▶ _Exercise requirements_:
Look for the line containing "Шкафы-купе 3-х дверные, Шкаф-купе" and the line containing "Free printable Simple" in the entries below. Copy those two and all lines between them exactly, leaving out pictures.

▶ _Raw data_:
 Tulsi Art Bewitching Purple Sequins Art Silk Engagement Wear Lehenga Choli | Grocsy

==

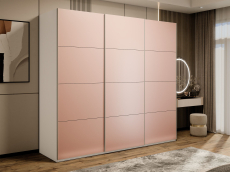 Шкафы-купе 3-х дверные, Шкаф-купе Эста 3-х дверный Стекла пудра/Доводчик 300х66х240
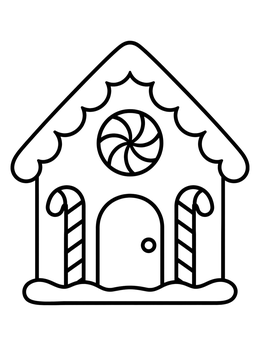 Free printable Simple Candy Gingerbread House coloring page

▶ _Answer to this exercise_:
 Шкафы-купе 3-х дверные, Шкаф-купе Эста 3-х дверный Стекла пудра/Доводчик 300х66х240
 Free printable Simple Candy Gingerbread House coloring page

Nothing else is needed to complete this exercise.